For Moshesh, Grace will not have had life any other way than with her acrimonious co-dependent marriage to Don.
“For every person in the fighting ring you need an opponent and Grace will not have an opponent except for Don. In her world, she needs a Don to play with, for her to realise her power,” she said.
Grace’s experience as a woman on the sideline comes to a fever pitch after Don claims at an event that he had built the empire alone. Her facial reaction was priceless. She had expected that he would have acknowledged her contributions to the growth of the company. So far in the series, he has not.
“A lot of women do identify with Grace. A lot of women have been in positions where they have been overlooked,” she said.
“She has the brains to do what he does. But because of her gender, she never gets what is owed to her.

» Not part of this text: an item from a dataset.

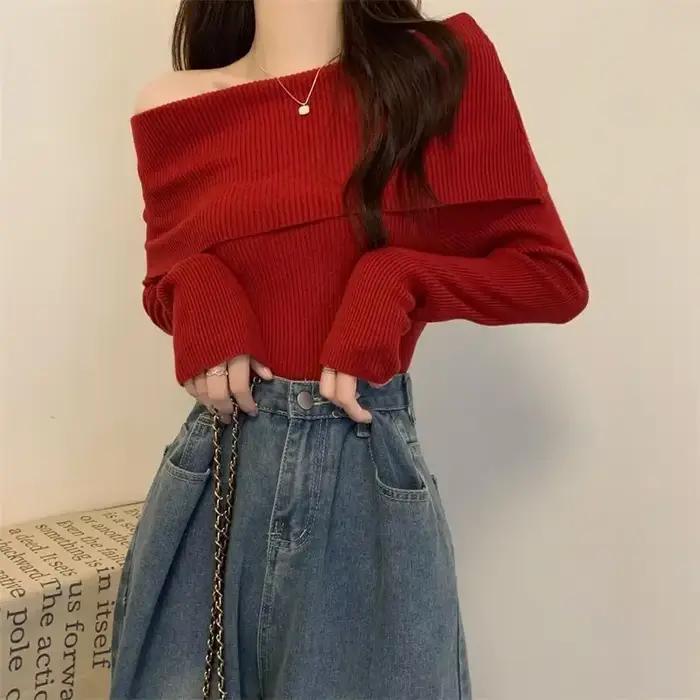 Pull tricoté en coton acétate polyester pour femmes style coréen automne hiver occasions spéciales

She is dealing with a lot, and isn’t that the same with black women? You wake up, you feed the kids, and you go to work. Now you need both incomes to survive and yet you’re expected to do so much more. The expectations of women are always far more than men, and that is the reality for a lot of powerful women out there. You go to work and you’re the MD but then at home, you have to be submissive to a Don Bhengu.”

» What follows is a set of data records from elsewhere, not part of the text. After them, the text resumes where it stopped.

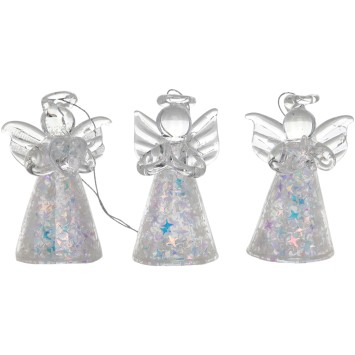 Ange en verre paillete avec etoile - Hauteur : 4,5 cm, Serie de 3 anges assortis.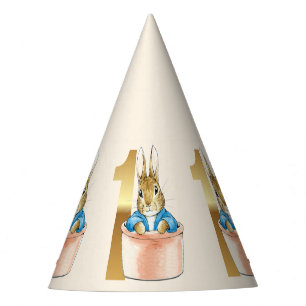 Peter the Rabbit in pot First birthday Party Hat
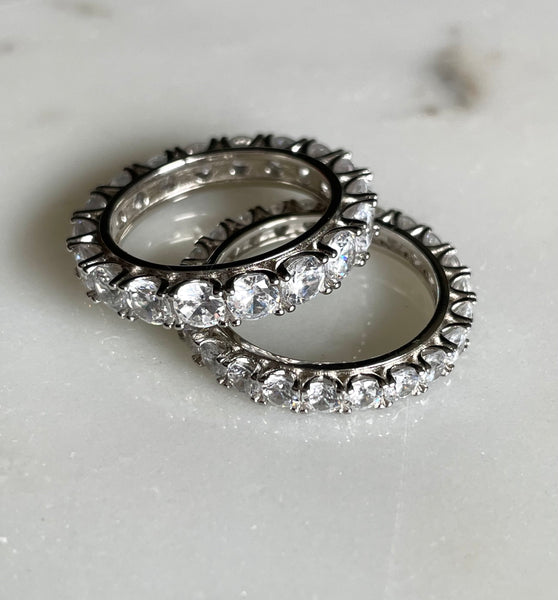 TRUELOVE I Eternity Band I S925 Sterling Silver I Platinum Plated I Cubic Zirconia (3 widths)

Her sentiment is also echoed by the actor, Dumisani Mbebe, who plays Don.
“He is pretty much aware of her input in building the empire,” Mbebe said. “But he just becomes this man whose judgement gets clouded by the idea of power, so much that he says things like, ‘I built this company without any help.’ He is drunk on the idea of power. Everything must be credited to him.”
But Moshesh takes pride in Grace’s excellent manipulation skills in navigating her situation. For her, it puts Grace at the top of the cat-and-mouse chase between the couple.
“She uses her feminine wiles to get what she wants out of him because she has lived with this man long enough to understand that he is power-hungry. So she’ll play along. But she also knows that at the end of the day, she is just manipulating the situation for her own ends,” she said.